Summary: We examined the associations between childhood growth and bone properties among women at early old age. Early growth in height predicted greater bone area and higher bone mineral mass. However, information on growth did not improve prediction of bone properties beyond that predicted by body size at early old age.

Introduction: We examined the associations between body size at birth and childhood growth with bone area, bone mineral content (BMC), and areal bone mineral density (aBMD) in early old age.

Methods: A subgroup of women (n = 178, mean 60.4 years) from the Helsinki Birth Cohort Study, born 1934–1944, participated in dual-energy X-ray absorptiometry (DXA) measurements of the lumbar spine and hip. Height and weight at 0, 2, 7, and 11 years, obtained from health care records, were reconstructed into conditional variables representing growth velocity independent of earlier growth. Weight was adjusted for corresponding height. Linear regression models were adjusted for multiple confounders.

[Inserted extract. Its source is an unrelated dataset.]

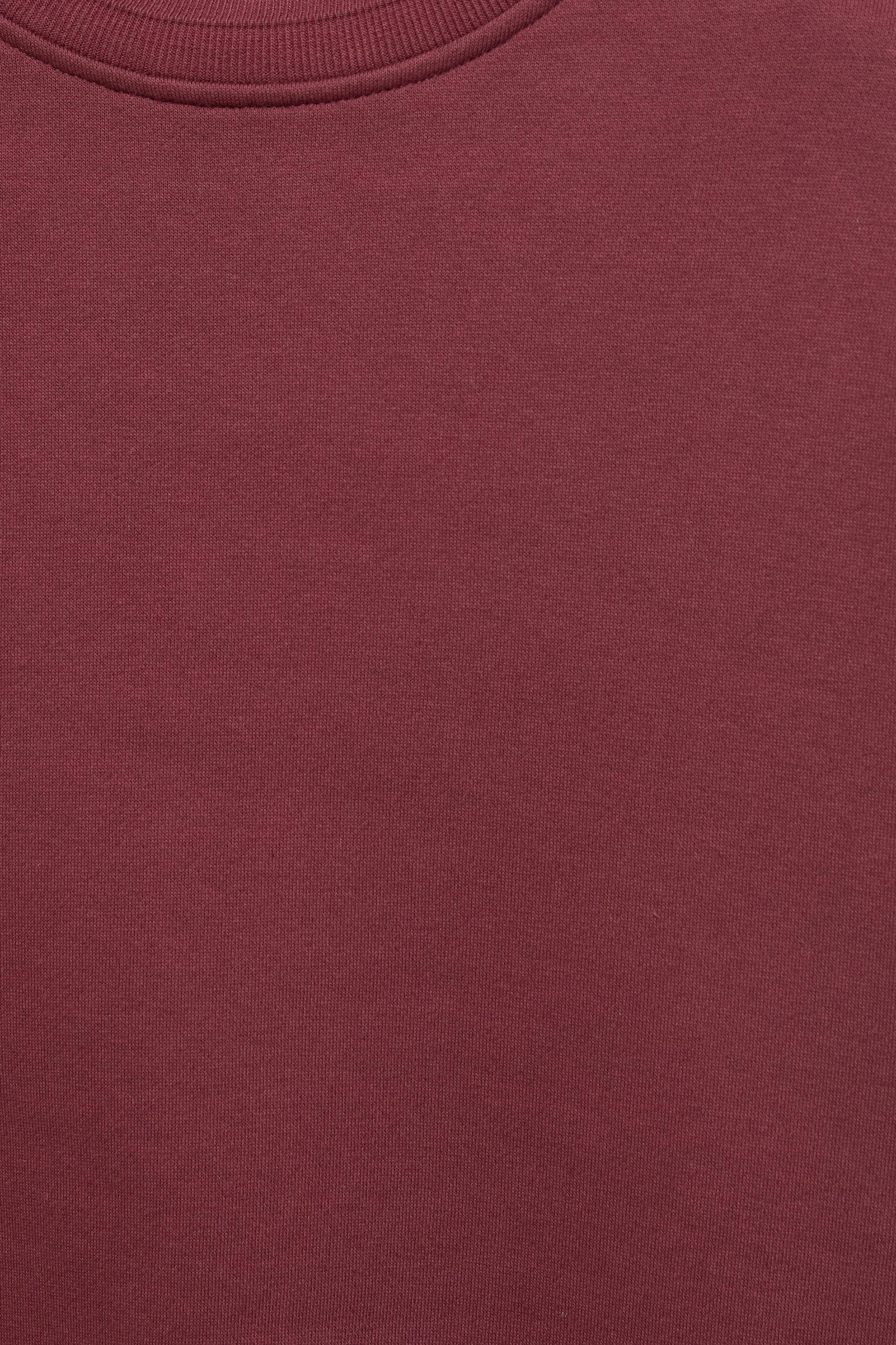 Relaxed fit round neck sweatshirt — Burgundy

Results: Birth length and growth in height before 7 years of age were positively associated with femoral neck area (p < 0.05) and growth in height at all age periods studied with spine bone area (p < 0.01). Growth in height before the age of 7 years was associated with BMC in the femoral neck (p < 0.01) and birth length and growth in height before the age of 7 years were associated with BMC in the spine (p < 0.05). After entering adult height into the models, nearly all associations disappeared. Weight gain during childhood was not associated with bone area or BMC, and aBMD was not associated with early growth.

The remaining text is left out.